The motion of the planets was finally described in 1609 by Kepler when he presented his three empirical laws of planetary motion:

- The orbit of a planet about the Sun is an ellipse with the Sun at one focus.
- A line joining a planet and the Sun sweeps out equal areas in equal intervals of time.
- The squares of the sidereal periods of the planets are proportional to the cubes of their semi-major axes.

As yet, there were no theoretical foundations upon which his laws (see Fig. 1.1) could be based, yet their validity was beyond doubt because of the way they could be used in order to predict the motion of the planets. A theoretical framework within which these' laws could be hung was finally forth-coming in 1687 when Newton published his three laws of motion.

Fig, 1.1. Kepler’s laws of planetary motion represented one of the most fundamental advances of his time, (a) All orbits are ellipses with the Sun at one focus. Equal areas are swept out by the radius vector in equal times. The radius vector is an imaginary line joining the Sun and the orbiting body, (b) The squares of the sidereal periods are proportional to the cubes of the semimajor axes. (Adapted from Kaufmann, W.J., Universe, W.H. Freeman, 1987.)

Turning our attention back to the centre of the Solar System and to gain some kind of perspective on it, imagine if everything, except for the Sun, were placed on one side of a scale balance. The Sun is then placed on the other side. Despite grouping all the planets, moons, asteroids and comets together, the Sun would still outweigh them by over seven hundred times. In fact, the Sun contains 99.8 per cent of the mass contained within the Solar System. So, the matter which constitutes the planets cannot even be thought of as the icing on the Solar System cake!

The Sun itself is overwhelmingly composed of the two lightest gases in the Universe: hydrogen and helium. Therefore we must state that the Solar System, too, is overwhelmingly composed of these two chemical elements. We have to disregard what our eyes tel! us from looking around the Earth and recognise that our entire world, plus everything it contains, is made up of nothing more than the cosmic flotsam produced, as we shall see, as a by-product of stellar evolution.

Our theories of star formation suggest that stars are produced by the gravitational collapse of giant clouds of gas. As the collapse proceeds, the central concentration of matter becomes a star. Other factors, such as the orbital motion of the cloud, mitigate to produce a disc of material around the central concentration. It is in these discs that planets form. Just recently there have been a number of extra-solar planets detected.

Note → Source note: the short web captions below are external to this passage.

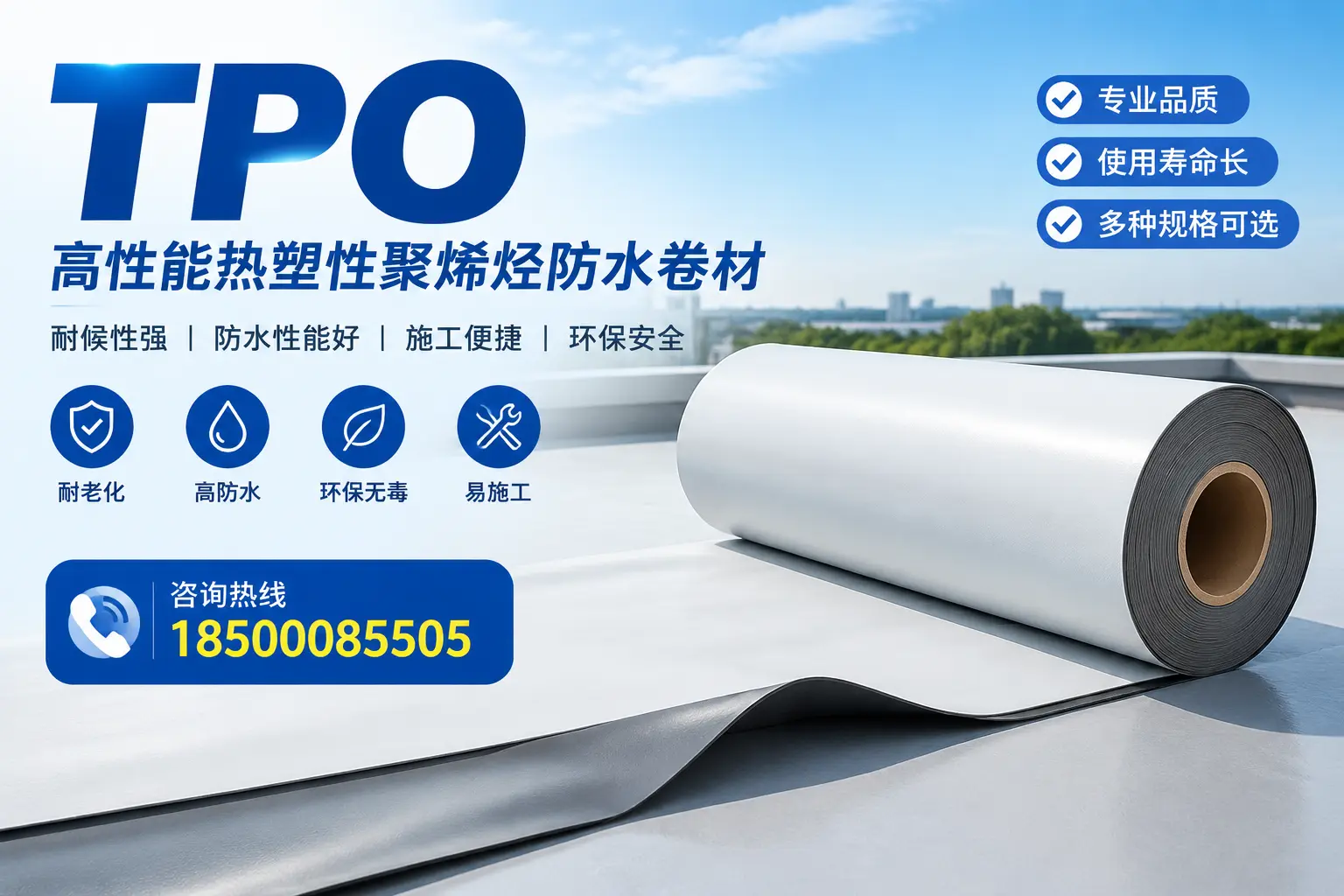 tpo的安装与维护指南，提升保定企业使用效率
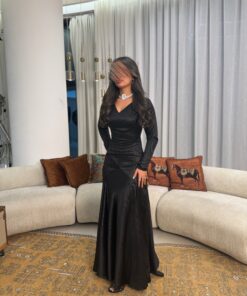 Ab.Roberto cavalli dress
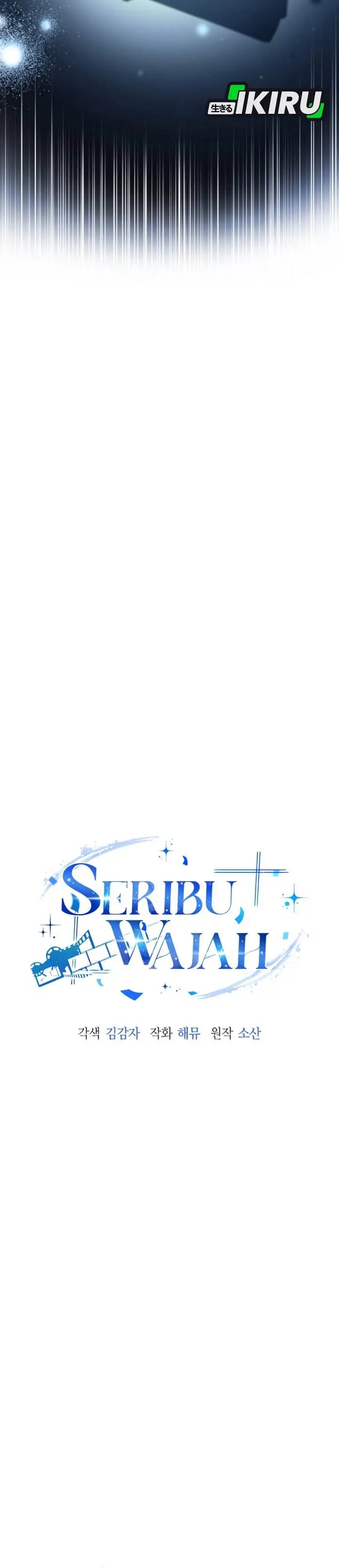 image-komik-a-thousand-faces-chapter-41-6/49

These have ranged from the exotic pulsar planets to the more conventional ones surrounding the star 51 Pegasi. In short, planets can be predicted naturally out of star formation theories. Secondly, given the fact that the Sun, and hence other stars, are far more massive than any planets which may be in orbit around them, it would seem more sensible for cosmologists to switch their attention towards the stars in their attempts to understand the Universe.